▶ **REQUIRED WORK**: Below are entries with pictures in them. Output exactly the lines starting at the line with "Fenix C7 Flashlight" and ending at the line with "used 2022 Volkswagen", both included, but not the pictures.

▶ **TASK INPUT**:
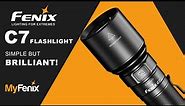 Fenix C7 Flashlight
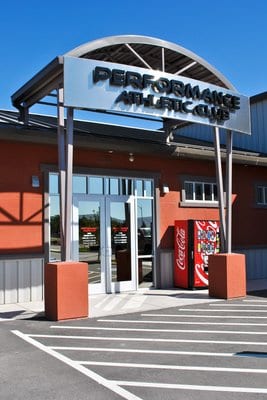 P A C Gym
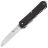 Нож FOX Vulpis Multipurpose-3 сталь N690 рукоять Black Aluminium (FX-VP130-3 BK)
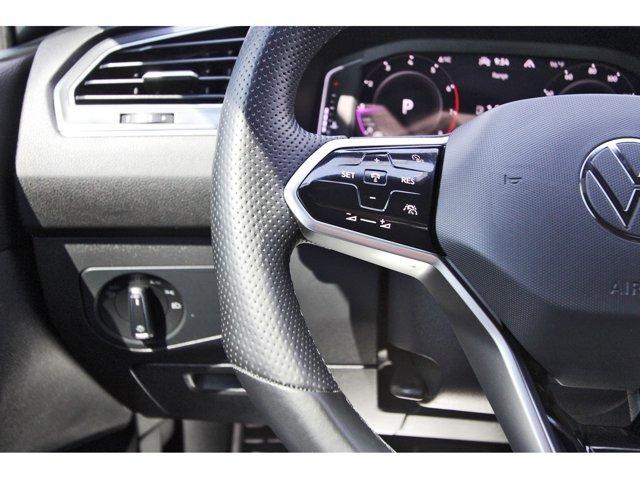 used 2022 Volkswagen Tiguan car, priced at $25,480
...
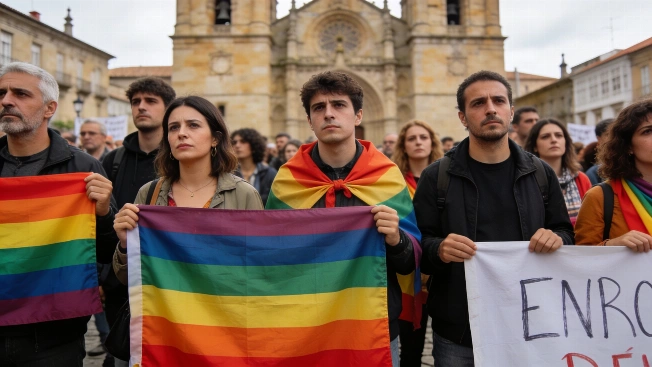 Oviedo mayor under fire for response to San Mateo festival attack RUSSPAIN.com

▶ **WRITTEN SOLUTION**:
 Fenix C7 Flashlight
 P A C Gym
 Нож FOX Vulpis Multipurpose-3 сталь N690 рукоять Black Aluminium (FX-VP130-3 BK)
 used 2022 Volkswagen Tiguan car, priced at $25,480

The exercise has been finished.